Questo perché non si può andare sempre in discesa. E perché non è affatto detto che se tu smetti di pedalare i tuoi concorrenti faranno altrettanto. Anzi: non appena chi ti sta dietro vedrà l’opportunità di prendere la tua scia e quindi di superarti, beh, stai pur certo che ne approfitterà!

Sì, tu puoi essere incredibilmente soddisfatto del numero attuale dei tuoi clienti. Ma ehi, forse tra qualche mese, due o tre di loro non avranno più bisogno di te. Forse alcuni vorranno provare altri consulenti, e magari qualcun altro potrà decidere di mettere semplicemente in pausa la vostra collaborazione.
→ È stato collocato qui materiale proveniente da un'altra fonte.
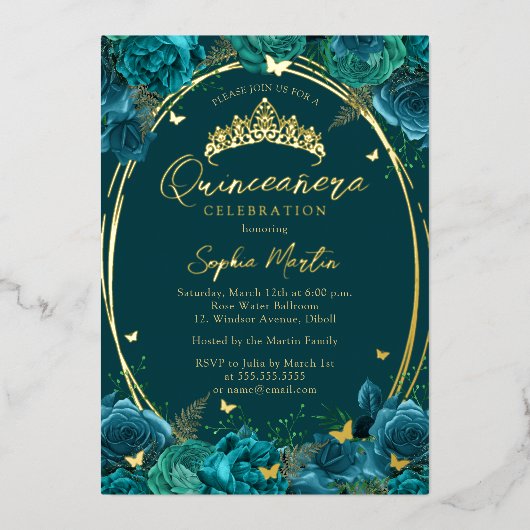 Teroen Goud Boeiende Bloem Vlinder Quinceanera Folie Uitnodiging (Voorkant)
E fin qui non c’è nulla di male: sei abituato ad avere un certo turn-over di clienti: alcuni ne escono, altri ne entrano.

Ma ehi, che succede se, nel frattempo, tu non hai pedalato, e hai perso tutta la rincorsa proprio adesso che inizia una nuova salita? Cosa succede se tu, adagiato sugli allori, non hai continuato a promuovere il tuo brand, convinto che i tuoi contatti fossero sufficienti? Beh, semplice: non avendo coltivato dei lead, non avendo fatto follow-up, non avendo dunque dei prospect da convertire, non avresti dei clienti in entrata, a sostituire quelli in uscita.
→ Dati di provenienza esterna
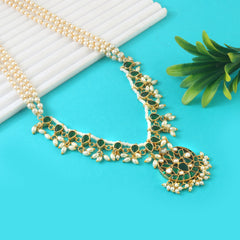Pearl Mala With Jadau Kundan Side Lockets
Alcuni dei tuoi clienti ti possono lasciare per qualsiasi motivo, in qualunque momento. E questo, di per sé, non è un problema. Lo può diventare, invece, se tu non sarai pronto a sostituirli, se tu non avrai lavorato bene, nei mesi precedenti, per garantirti un ampio bacino di utenza. Hai presente quanta fatica si può fare per partire praticamente da fermi in salita, senza una bella rincorsa, a gambe fredde? Sì, probabilmente ne hai una vaga idea, anche perché è esattamente quello che hai fatto quando hai avviato il tuo business. Vuoi davvero rischiare di dover ripartire da capo, e fare quindi di nuovo tutta quella fatica?

Sono certo di no. E allora non smettere di pedalare, continua a promuovere il tuo brand e a creare nuove opportunità di business: anche la più tosta delle salite, con la giusta rincorsa – e con il giusto allenamento – può essere conquistata in modo (quasi) agevole.